Learning how to dock is one of the first steps when boating; taking a docking course is highly recommended, learn all the different ways of docking. Today we will learn the basics steps of how to dock your boat? The four sets of lines you use to secure your boat and different knots that are used to connect and secure your boat.
Docking a boat in a slip is a common scenario you will find yourself in. Docking into a slip is intimidating for most because there is very little room for error and the fact that you need to back into a slip. There are two reasons for backing a boat into a slip. First reason: with the stern first into the slip makes boarding easier, and second, it is easier when you need to depart.
Docking lines –can be used differently and can be referred to as bow lines, stern lines, spring lines, and breast lines. In most cases, you will use bowlines and stern lines.
Cleats are used to attach your docking lines.
3-strand twisted dock lines
Mega braid nylon
Double braid nylon
Run from the bow (front of the boat) to the dock. One line required
Run from the boat's stern (back of the boat) to the dock. One line is required.
Bow and stern lines usually run at an angle, keeping the boat from moving side to side and keeping the boat from moving forward (fore) and backward (aft)
Two spring lines are required, and the minimum length required is as long as the boat. Spring line one runs forward from the stern. Springline two runs backward from the bow. Spring line keeps the boat from moving backward and forward.
A cleat hitch knot is one of the first knots you will learn; it is a strong knot and easy to tie and untie. You will use the cleat hitch method to tie a rope/line to the cleat on the dock.
The knot must form the number eight-shaped pattern. Take the rope/line and bring the rope around the cleat's base (bottom of the cleat), now bring the line over the top of the cleat. Take the line back under the arm of the cleat opposite the first turn, then back over the top of the cleat.
Keep in mind the number eight, which is the pattern you need to form. Repeat: take the line back under the cleat's arm opposite the first turn, then back over the top of the cleat; you should now see the number eight pattern around the cleat. The final step; form an underhand loop, slip the loop over the cleat's arm, pull the free end of the line tight, and secure the knot.
The clove hitch is considered an essential knot; it consists of two half hitches around an object and is used to secure devices on fixed rails or posts like fenders and pilings on a boat dock. It is a good binding knot easy to tie and untie.
Please take the free end of a rope and wrap around the rail or pole, now crossover the rope/line itself and wrap around the rail or post for a second time, slip the working end (working part, active in tying the knot) under the last wrap, and pull tight.
This knot is a binding knot; you use the knot to secure the line's end after tying a different knot.

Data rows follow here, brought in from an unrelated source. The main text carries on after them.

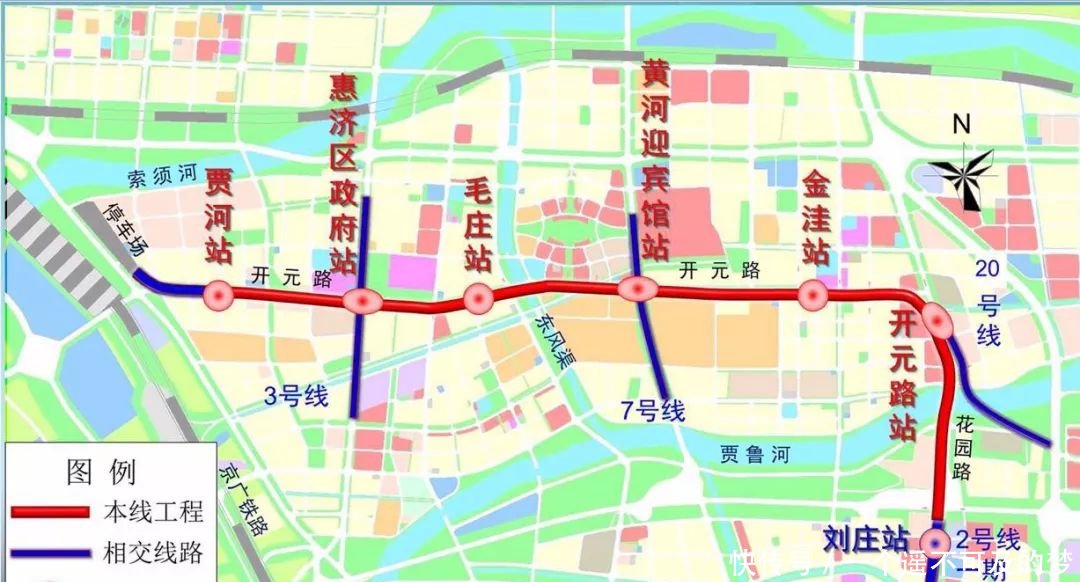 郑州地铁2号线二期经过哪里
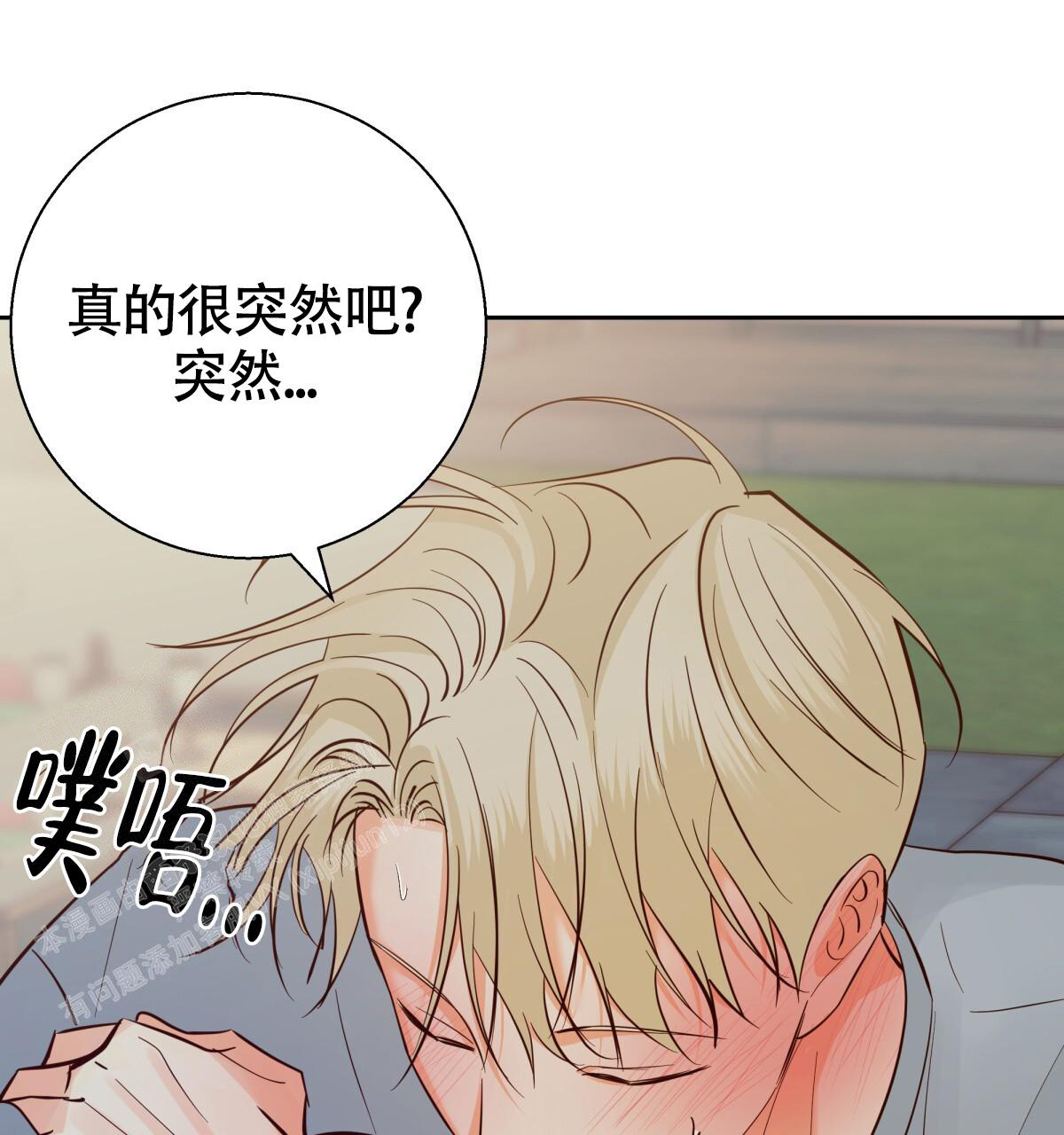 《危险的便利店(第I II季)》第185话 第18页
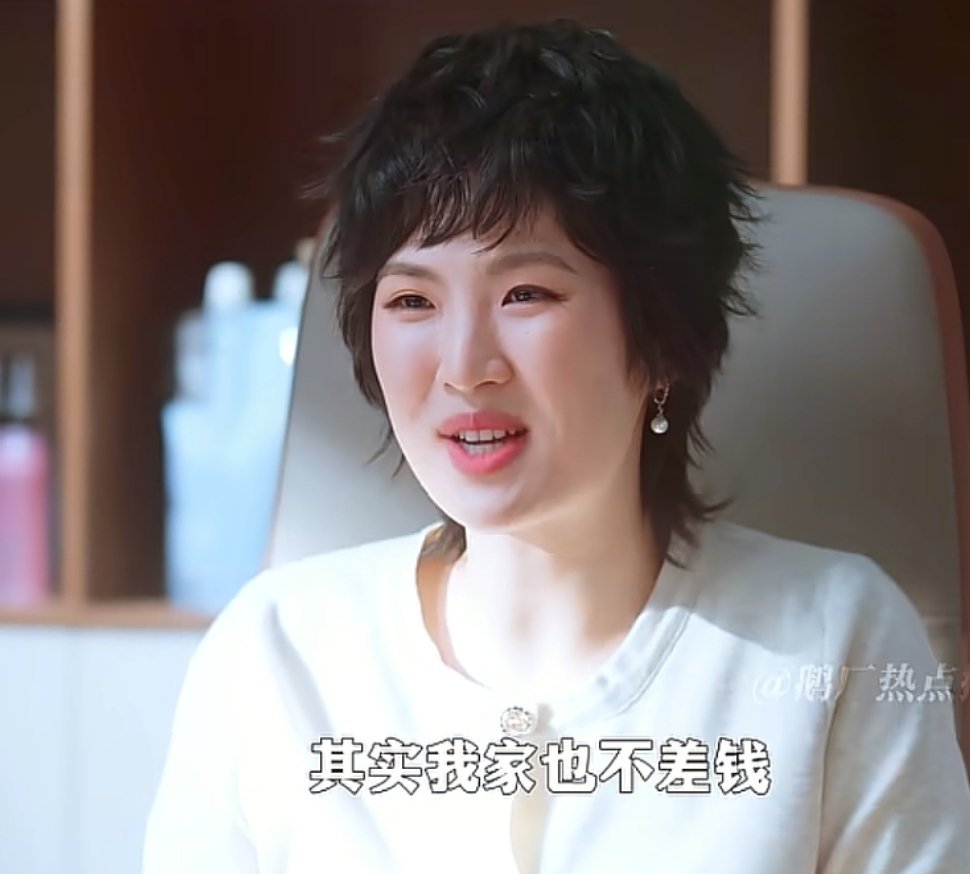 中国最具性价比演员:片酬低，知名度高，不作妖，有自知之明，不演绝世美人，甘心当配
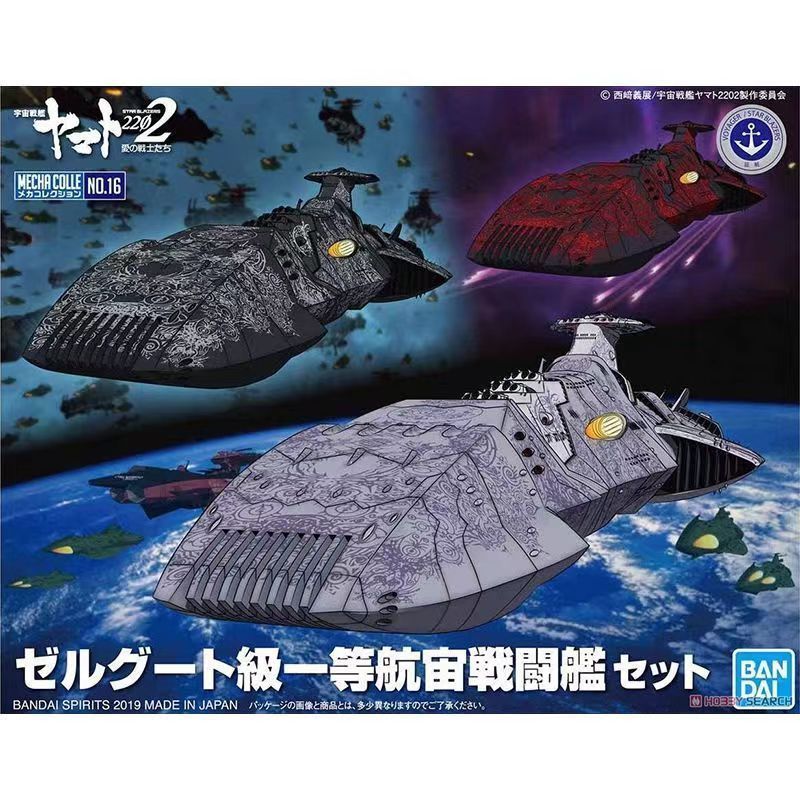 Bandai Zusammengebautes Modell – Model Kit Battleship Bewertung und Preis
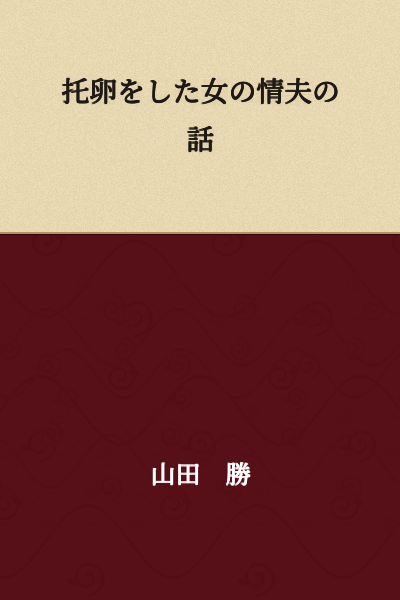 I appreciate you reaching out, but I notice the text you've provided is actually in Chinese (Simplified), not Japanese. The text reads:

"A Story About the Lover of a Woman Who Engaged in Egg-Dumping"

(Where "托卵" refers to the practice of leaving one's child with another person to raise, or metaphorically, infidelity/cuckoldry.)

If you have Japanese text you'd like translated, please feel free to share it.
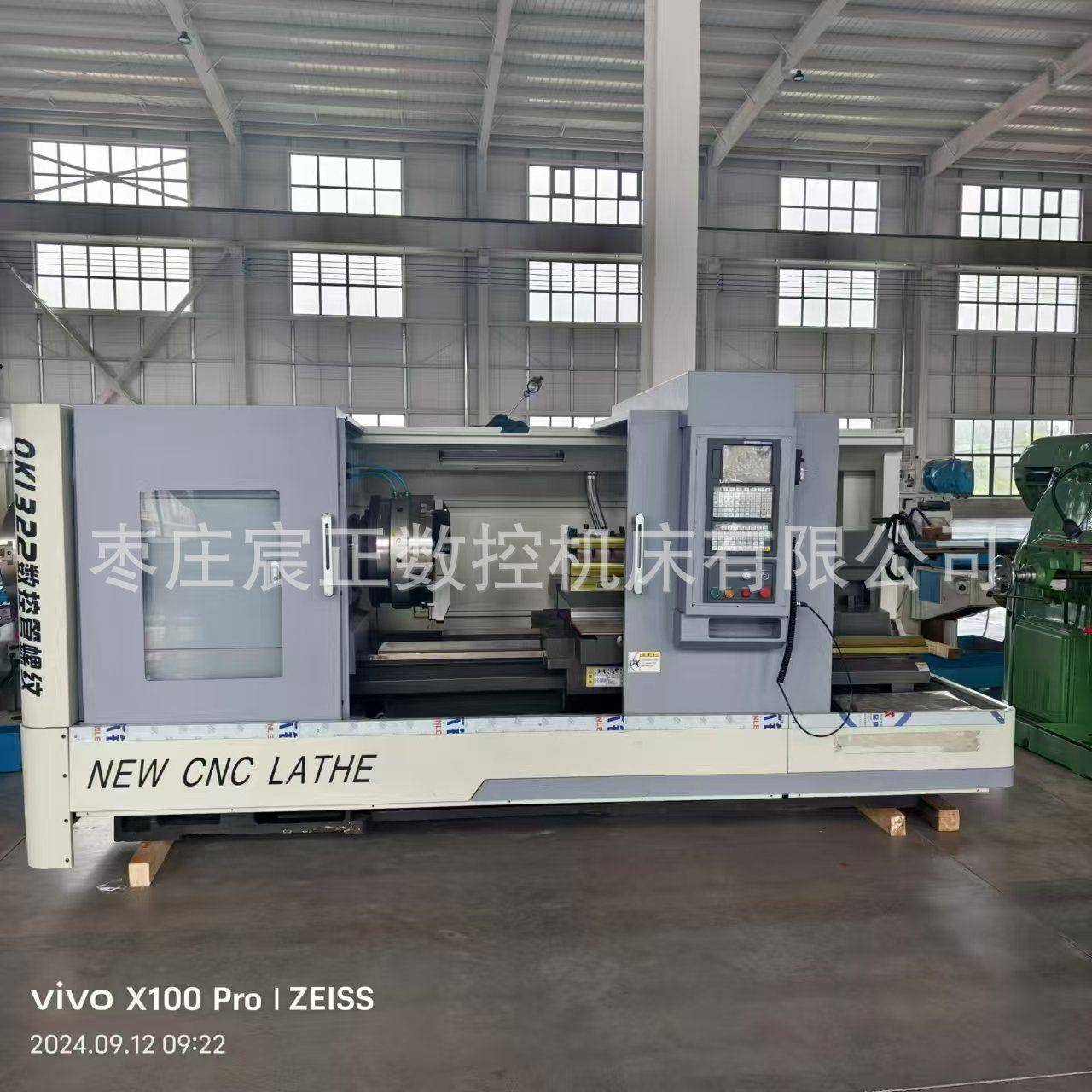 TCK56斜轨卧式数控车床设备50斜床身车铣复合线轨高速高精c车床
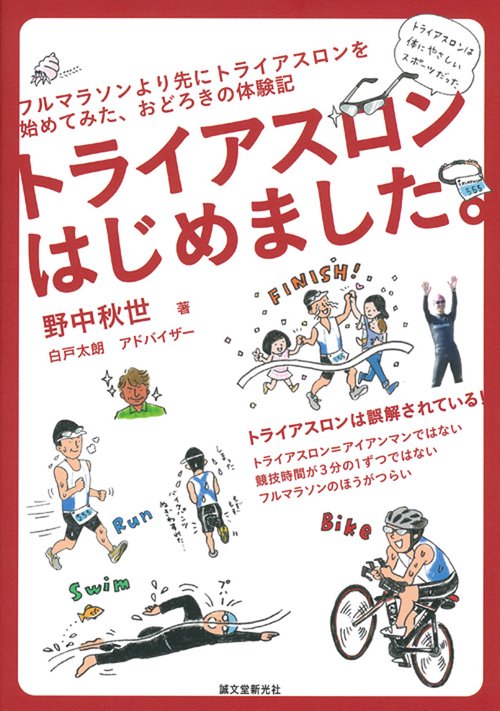 トライアスロンはじめました。 フルマラソンより先にトライアスロンを始めてみた、おどろきの体験記
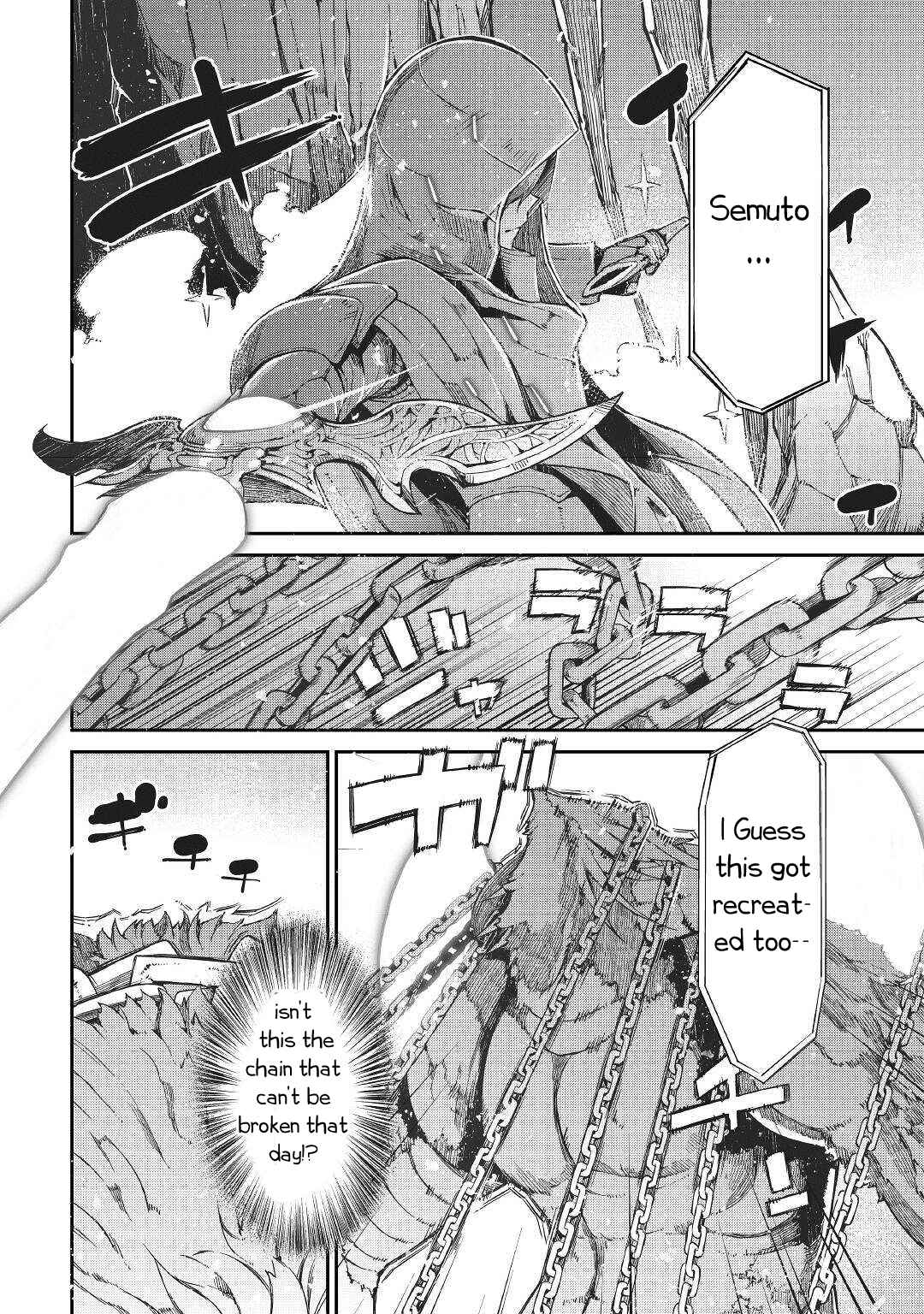 Goodbye, My Unfaithful Fiancé: I’ll Find Happiness in the Next Game Chapter 71 page 28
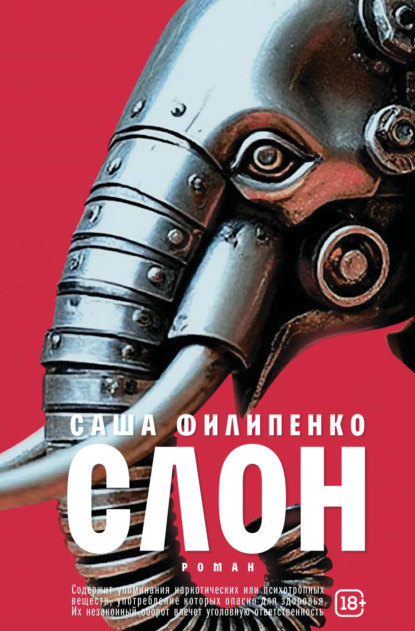 Филипенко Саша: Слон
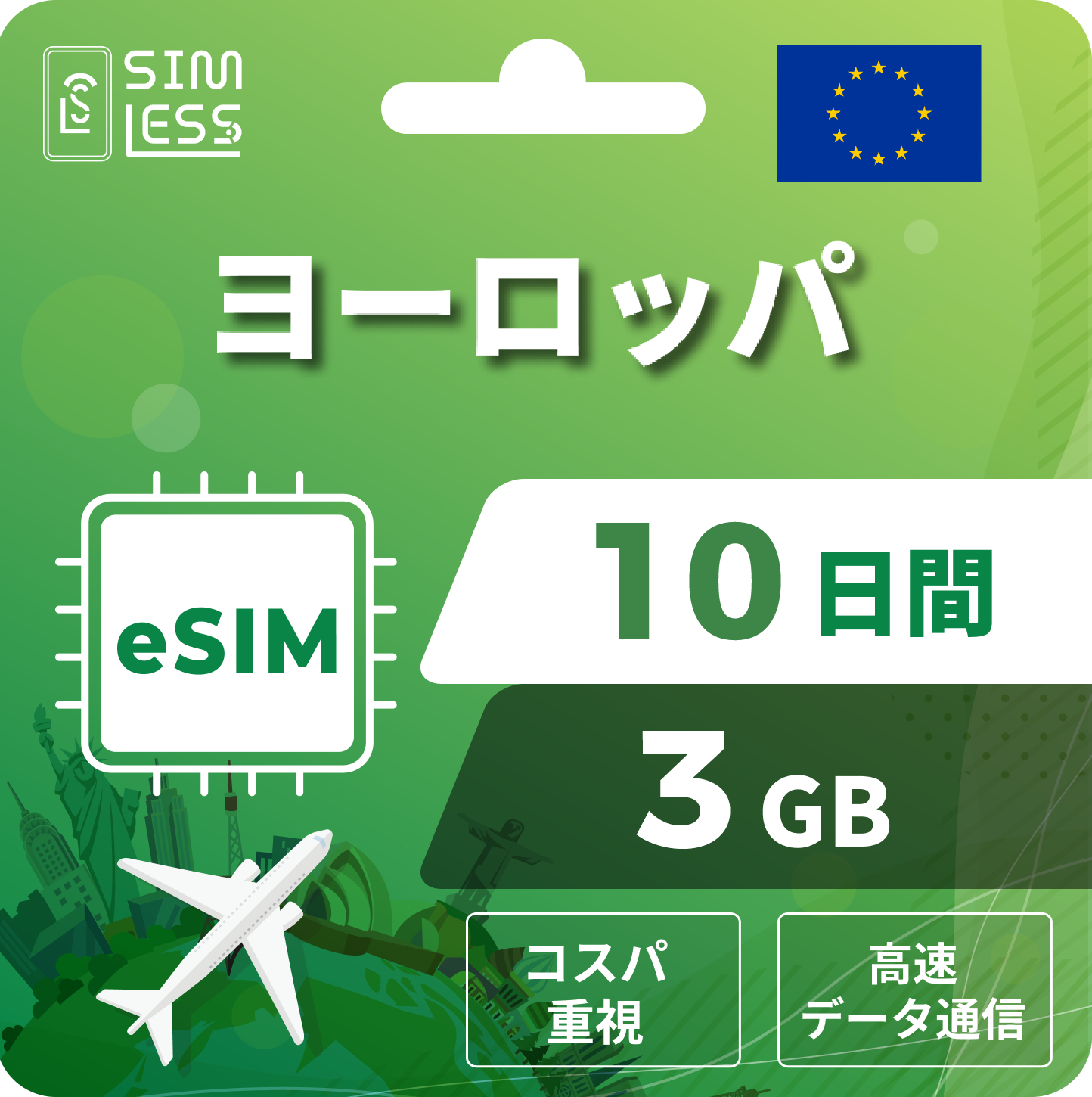 ヨーロッパ eSIM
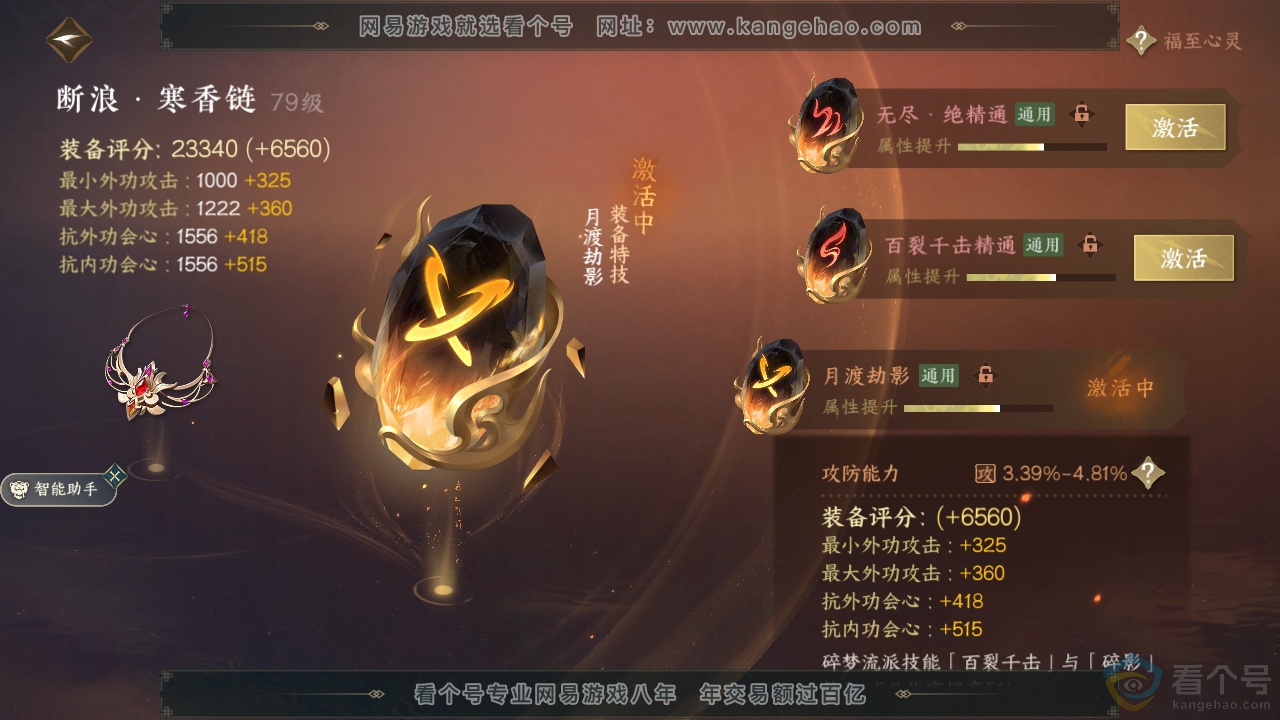 NSH310940逆水寒手游账号详情图37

Two half hitches form a clove hitch; the double half hitch is an overhand knot followed by the half hitch.
Wrap the rope around the support (pilling), forming a loop, pass the end through the loop, wrap it around the standing part, creating a second loop; now pull tight to complete.
The bow line knot is easy to tie and untie; you use it to secure a line to a pilling or to attach two lines together. It is called a bowline because of its use for tying a loop in a mooring line and tying the boat's bow to the dock. The bowline knot is straightforward to tie:
One way to remember the bowline knot is with this old saying: The end of the rope is a rabbit. The rabbit goes out of its hole, around the tree, and down the hole again.
This knot, also known as a stopper knot, is one of the most common stopper knots; the knot looks like figure eight. You use the knot to secure a boat to a boat dock or other mooring locations.
The knot is useful for stopping ropes/lines from passing through something by forming a secure loop at the end of the line. Rock climbers also use this knot to hold their gear during a climb.
Start by forming a loop: take the end of the rope/line over the mainline, continue under and around the standing end and pass it back through the loop to complete.
Docking and tying your boat to the docks are easy to learn, follow the guidelines, practice and you will become a master! What knot do you use to secure your boat? Would you like to share a video on how to dock your boat? Leave a comment below!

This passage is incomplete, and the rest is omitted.